[[ DATA TO USE open ]]

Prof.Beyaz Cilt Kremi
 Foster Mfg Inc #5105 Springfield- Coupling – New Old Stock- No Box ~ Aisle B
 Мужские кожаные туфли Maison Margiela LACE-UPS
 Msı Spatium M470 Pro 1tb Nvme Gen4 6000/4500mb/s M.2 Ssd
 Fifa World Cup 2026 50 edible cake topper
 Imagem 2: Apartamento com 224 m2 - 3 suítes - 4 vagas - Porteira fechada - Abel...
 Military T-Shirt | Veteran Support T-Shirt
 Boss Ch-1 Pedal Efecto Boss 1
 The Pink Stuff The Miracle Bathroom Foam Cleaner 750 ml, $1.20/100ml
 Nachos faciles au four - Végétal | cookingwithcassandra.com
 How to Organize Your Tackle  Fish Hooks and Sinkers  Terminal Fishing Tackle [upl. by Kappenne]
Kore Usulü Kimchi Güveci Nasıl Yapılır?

[[ DATA TO USE closed ]]

Could you print, exactly and with nothing else, the lines from the one containing "Msı Spatium M470" through the last line of the records above?

 Msı Spatium M470 Pro 1tb Nvme Gen4 6000/4500mb/s M.2 Ssd
 Fifa World Cup 2026 50 edible cake topper
 Imagem 2: Apartamento com 224 m2 - 3 suítes - 4 vagas - Porteira fechada - Abel...
 Military T-Shirt | Veteran Support T-Shirt
 Boss Ch-1 Pedal Efecto Boss 1
 The Pink Stuff The Miracle Bathroom Foam Cleaner 750 ml, $1.20/100ml
 Nachos faciles au four - Végétal | cookingwithcassandra.com
 How to Organize Your Tackle  Fish Hooks and Sinkers  Terminal Fishing Tackle [upl. by Kappenne]
Kore Usulü Kimchi Güveci Nasıl Yapılır?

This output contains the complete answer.